If we can focus on relieving suffering and maximizing capability, and when we open up a dialogue and recognize that autistic people stand with other significant recognized minorities in America, then we can begin to talk about changing society.
And about changing society -- this goes back to my father the philosopher and his ancestors -- My father and I [are descended] from another philosopher and minister who founded the Anglican church in Bruton Parish, Virginia in 1678. One reason I’m at The College of William and Mary today is that his son was one of William and Mary’s first faculty, in 1699. And I believe those ancestors, of mine, were autistic. I look back at history (William and Mary is kind of the seat of the study of colonial history in America), and I see that autistic people at most levels were not disabled in colonial America.
It’s easy to see how somebody like me, who grows up to be able to talk and work, would not be considered disabled by many today. But it’s also interesting to see that there are many narratives that describe other people today as intellectually disabled, and non-verbal autistic, or ‘severely’ autistic. We have all of these modern, technical words for those people. But in colonial America, they called those same people sheepherders, and they called them blacksmith’s assistants, they called them a lot of things, and all those names related to their jobs.
Most of those people weren’t disabled in the context of their time. They are disabled today not entirely because of autism, they are disabled because they are different from the rest of the population, and society has changed in ways that exclude us. And that to me is a real tragedy.
Today we have a neurodiversity initiative at William and Mary, which I’m proud to be part of. Back at my home in Massachusetts we have a school that I co-founded that teaches automotive trades to high school students on the spectrum. A really interesting thing came to me in working with the W&M students and operating our high school. It’s regarding what we teach and how some jobs are supposedly “better” than others because of the intellectual power needed to do them. I’ve come to see the societal wrongness of that notion, how it’s exclusionary, and yet it’s everywhere today.
In contrast, in our TCS Auto Program, we teach the auto trade in the midst of a working automobile dealership complex. So our high school students are surrounded by a hundred guys doing everything they do at a dealership to fix and clean and deliver cars to their owners. When we get a student in there with an IQ of 60, and we get another with an IQ of 130, they are both equal. Because in a car dealership, the guy with the IQ of 60 might be a successful and popular detailer, and polish and wax the finest Rolls Royces. And he takes real pride in that, and every Rolls Royce owner comes in and gives him a tip because he made the car look so beautiful.
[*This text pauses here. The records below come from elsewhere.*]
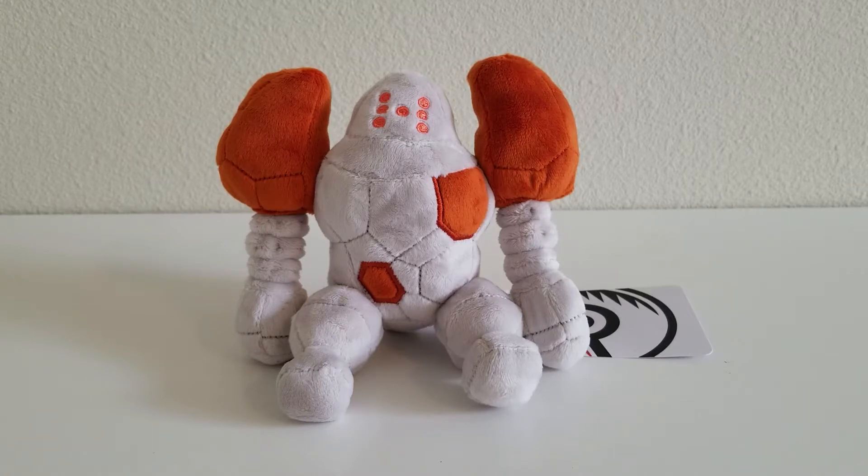I like Regirock in Sword and Shield right now. I've always liked running Curse on mine to get the attack and defense up, and Regirock is a perfect candidate for Body Press too. I've been in a legendary mood lately — all of a sudden I'm wanting all these legendary Pokemon and I really don't know why. But let's take a look at the plush.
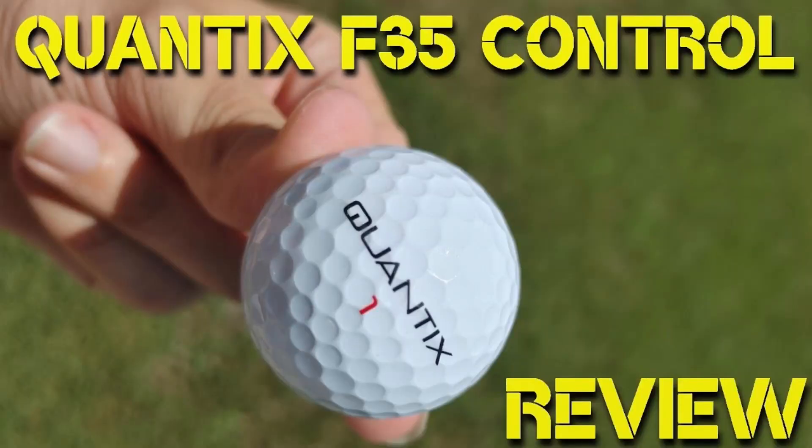Quantix was actually the first golf ball I ever reviewed — it was the F35 Control model, which is the more intermediate one. This is more of the tour model. That was a couple years ago, actually two and a half years ago that I tested that model, and it tested pretty good.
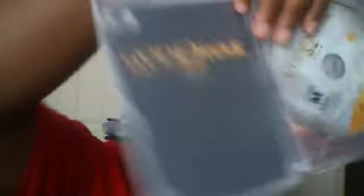I might just hold on to that even though I have PS Plus right now. And you get the God of War Saga title — PlayStation Plus and two discs. That's pretty much it. Five games in one — big deal.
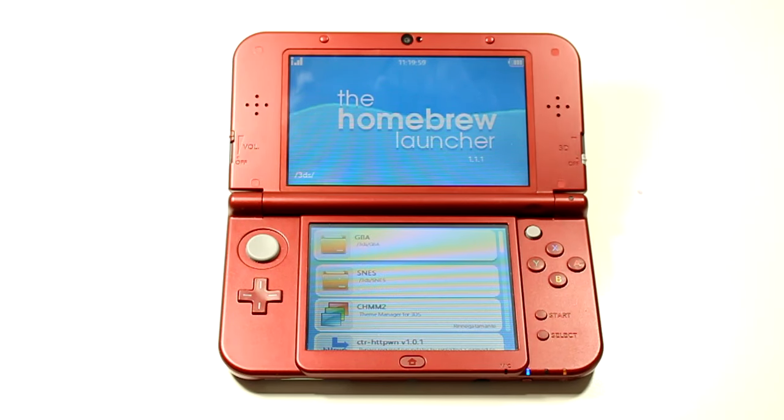Hello there, people of the internet. My name is TechTino and welcome to the first video on my channel. Today's video is how to install the homebrew launcher on an old and new 3DS. We will be using menu hacks to do this. This shouldn't take long, so let's get started.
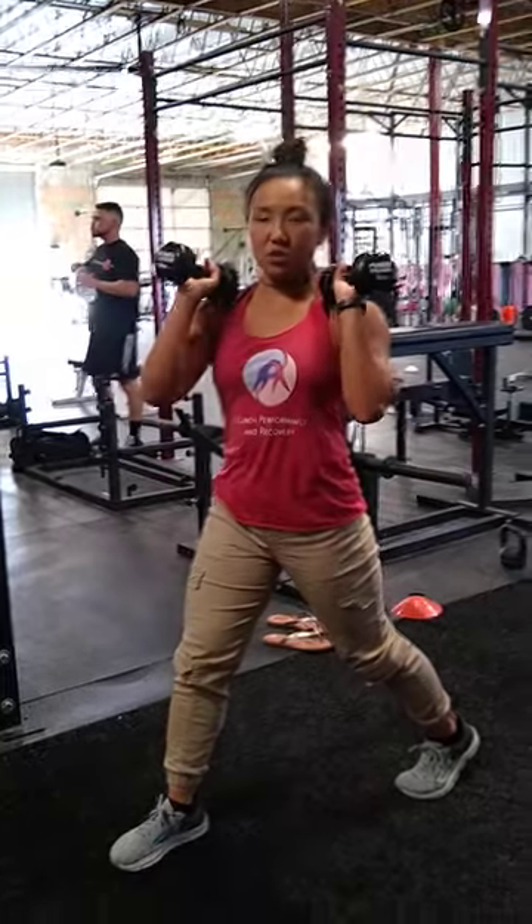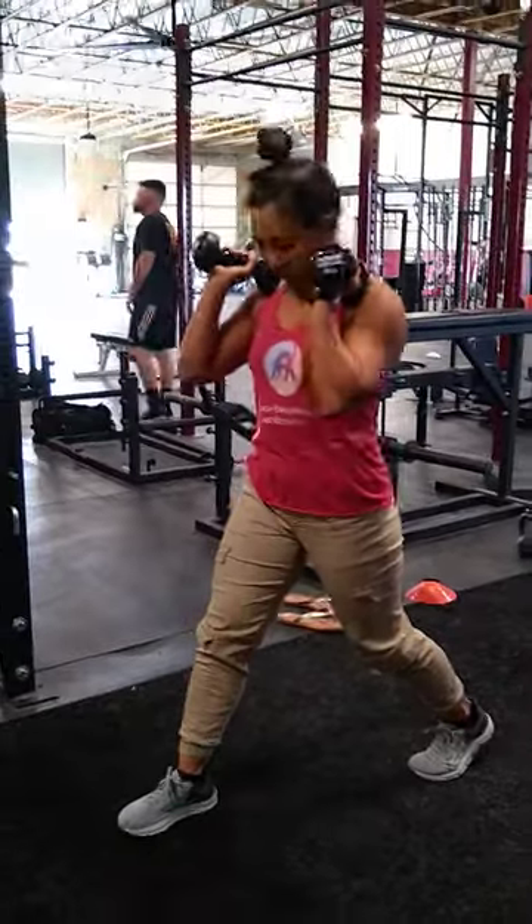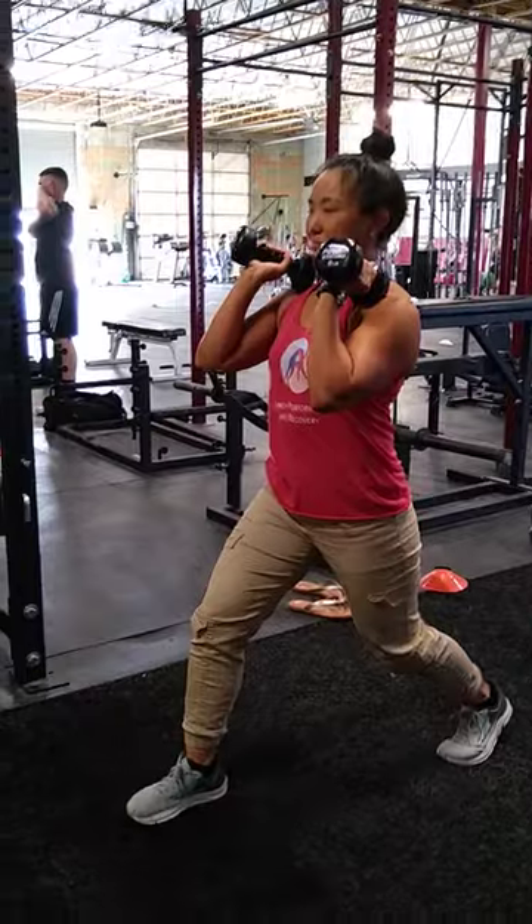You're going to have the dumbbells up on your shoulders, and when you're working on your booty collar, and when you come down, why don't you try to straighten the knee down?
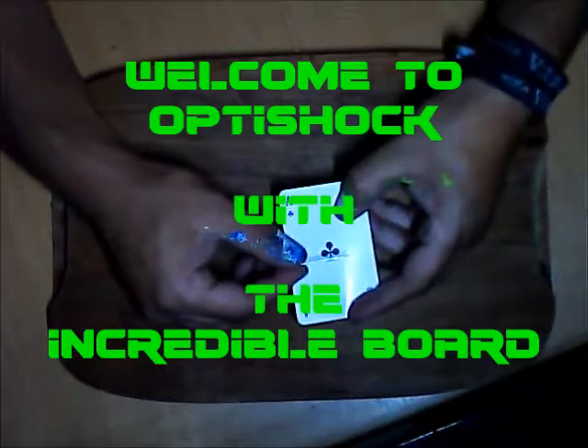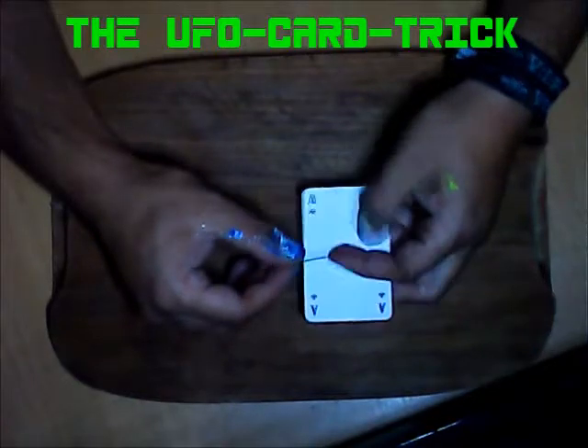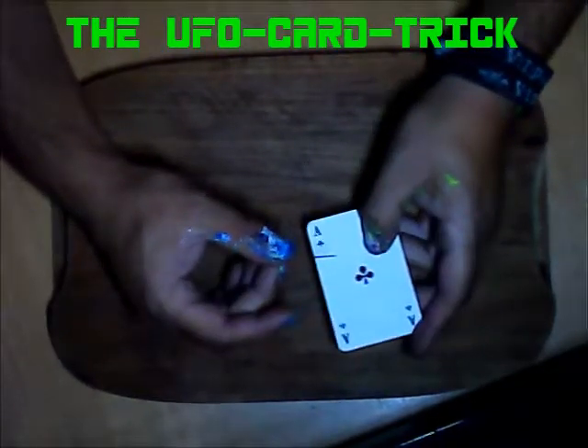Yes, welcome back to The Incredible Boat. This is a super cool trick — we use a needle and we could place the needle here.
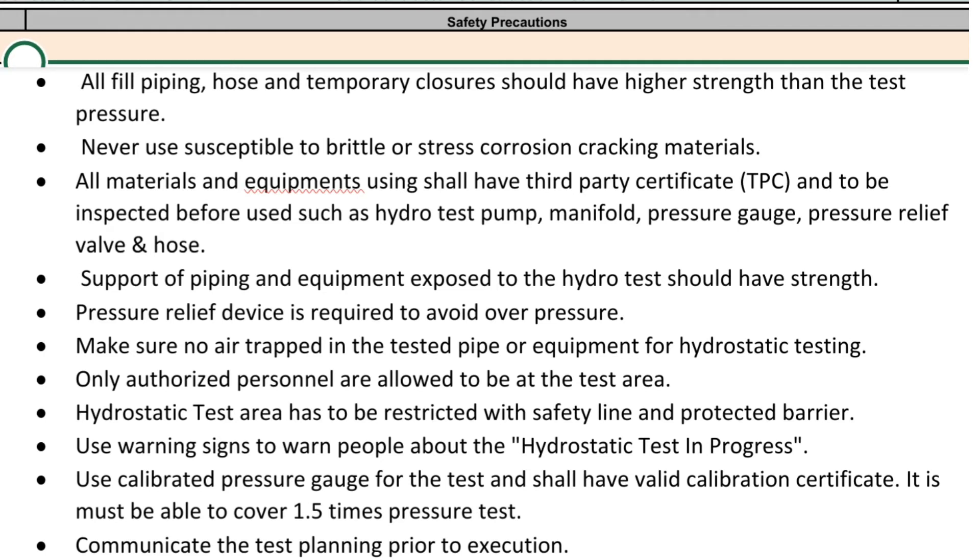Support of piping and equipment exposed to the hydro test should have sufficient strength. A pressure relief device is required to avoid overpressure. Make sure no air is trapped in the tested pipe or equipment. For hydrostatic testing, only authorized personnel are allowed to be at the test area.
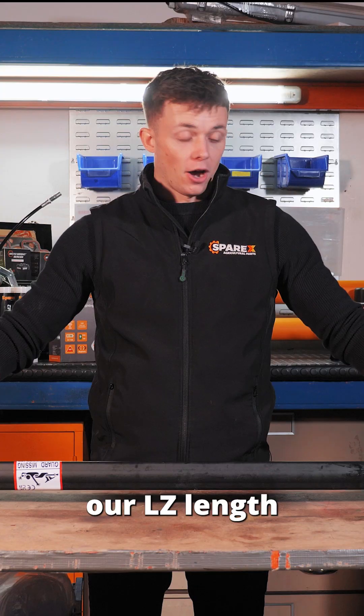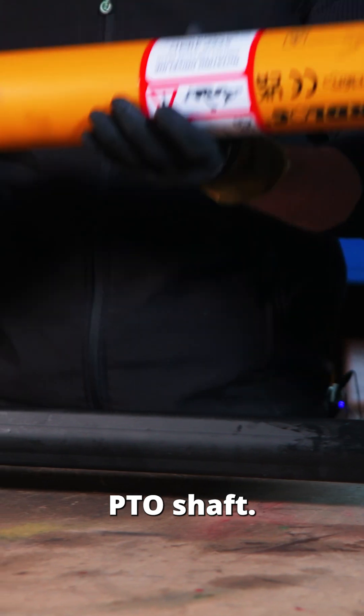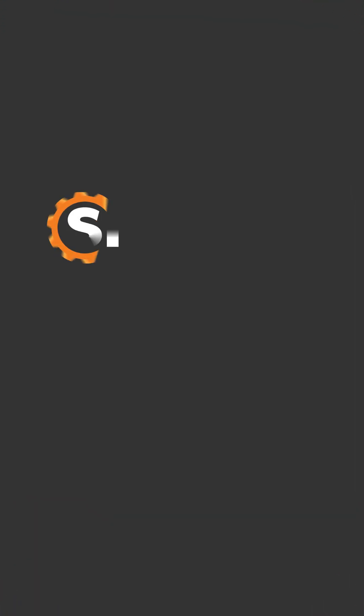Now that we've found our LZ length, we can get the correct guard for our PTO shaft. We'll be right back.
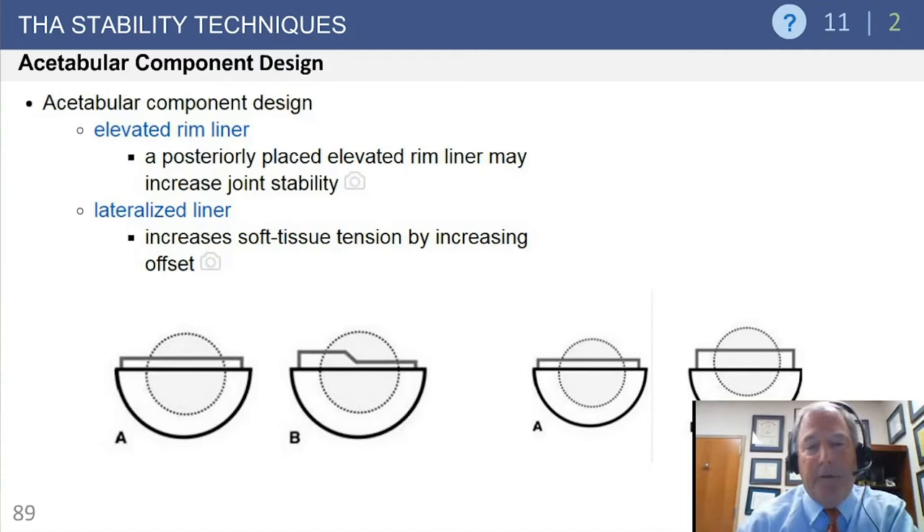The other option on the acetabular side is a lateralized liner, which moves the center of rotation further out. It's still a 180-degree opening with the head at the equator, but it tensions soft tissue around the hip - like increasing offset on the femoral side. It moves the head further from the acetabulum, tensions soft tissue more, and may help prevent bony impingement by getting the trochanter further away from the pelvis, increasing range of motion.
|John Robison at IMFAR's opening reception. |
Image description: A man with light jeans
and a plaid short sleeved shirt,
with his face obscured by his camera's flash.
And we’ve lost sight of that in our schools. So these changes might start with schools recognizing that classes aren’t for people who are “less” or “more,” they’re just for people. And if we structure classes like we structure work, we don’t put the people with one IQ in one class and in another, we put everyone together and let them be together, doing different jobs. That’s what happened in colonial America, that’s what can happen in some businesses in America today, and that’s really the key to bringing autistic people into society, bring society back to the model that accommodated us for thousands and thousands of years because the 1 in 68 today was 1 in 68 in 1900, and 1800, and 1700, and every century before that.
So I’m out of time… probably not what you expected to hear, but those are my reactions to what I have heard. Thank you.